CHYL · Barbie (feat. Melissa Brooks)

“When you listen to the first couple lines of the lyrics, you might think that me and Melissa are talking about being a pretty girl,” says CHYL. “But it’s not really about that — we’re talking about being a girl who is a badass but also really cute. Who says you can’t be a cute girl? Who says you have to be a cute girl but also be dependent on men? So we wanted to talk about being a girl who’s independent, who makes her own rules, who plays a lot of roles, and people can respect that.”

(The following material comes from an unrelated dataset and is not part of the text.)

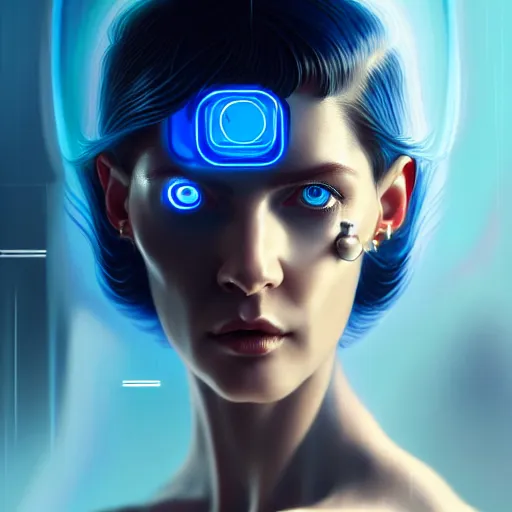 Image similar to woman with extremely large and intricate haircut with friendly blue eyes and slim features looking askance, eye cyberpunk bionics, retro futurist style, intricate, elegant gleaming jewelry, angelic halo, highly detailed, digital painting, artstation, concept art, smooth, sharp focus, illustration, art by wlop, mars ravelo and greg rutkowski,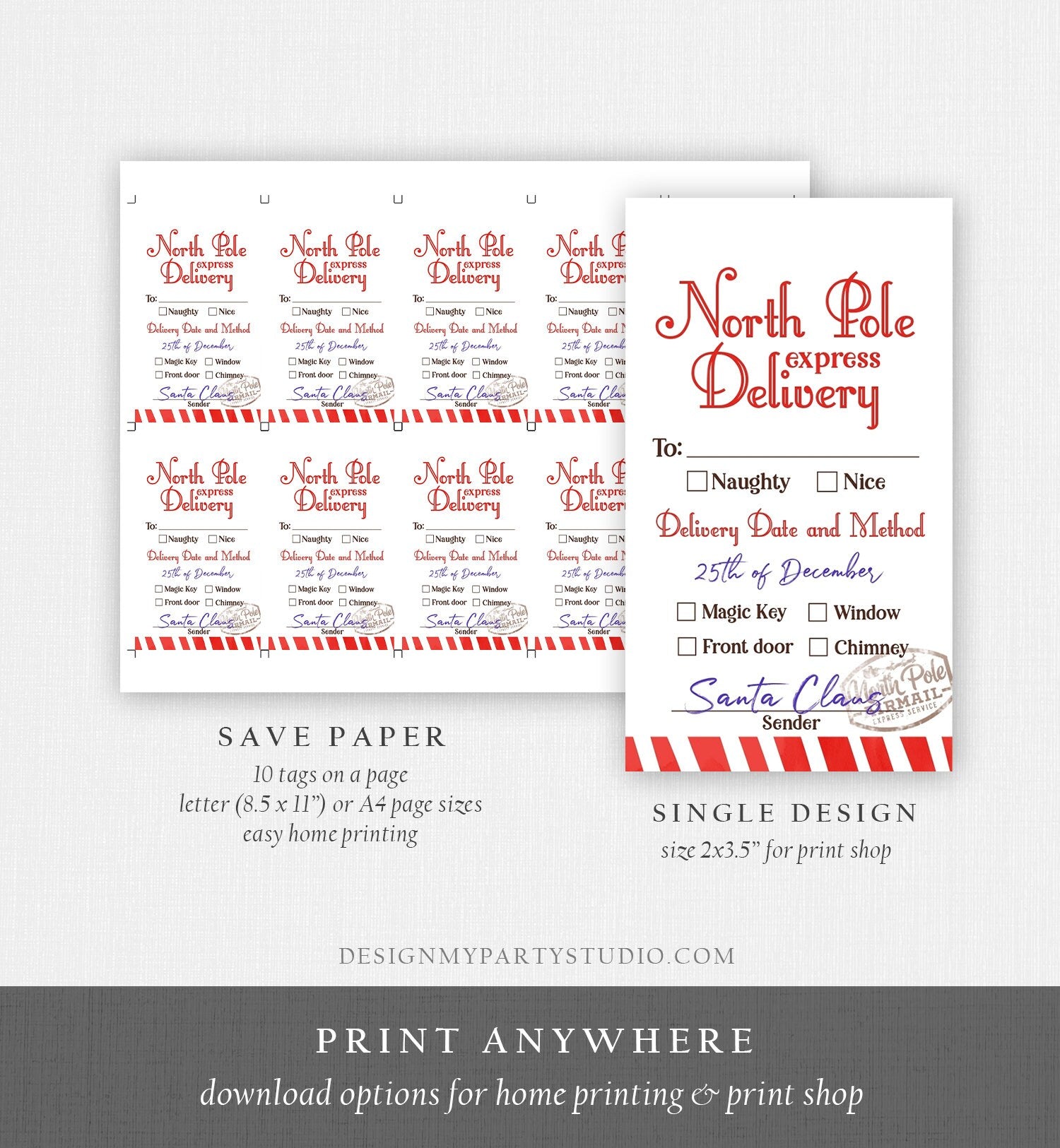 Editable North Pole Delivery Tag Personalized Christmas Tags Holiday Labels Santa Gift Tags Xmas Download Printable Template Corjl 0443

That’s a persona CHYL felt that Brooks represented, which was why she sought her out to sing the lyrics. “She’s a very independent, very strong girl but also looks good all the time,” she says. “She’s very cute in person, she’s very humble, and overall a very high achiever, so I love her style and thought she’d be the perfect person to be the vocalist on this song.” 

Featured “Barbie” vocalist Melissa Brooks

CHYL conceived of the song to fill a void in the male-dominated electronic music genre, where she noticed a lack of feminist lyrics. “There aren’t that may songs celebrating women and girls in electronic music,” says CHYL. “Most of the songs just talk about being in a club or people falling in love, and I wanted to break that boundary of having a song that celebrated being a woman.”

Given that under three percent of producers are women, she hopes the unabashedly feminine song might inspire other women to become producers.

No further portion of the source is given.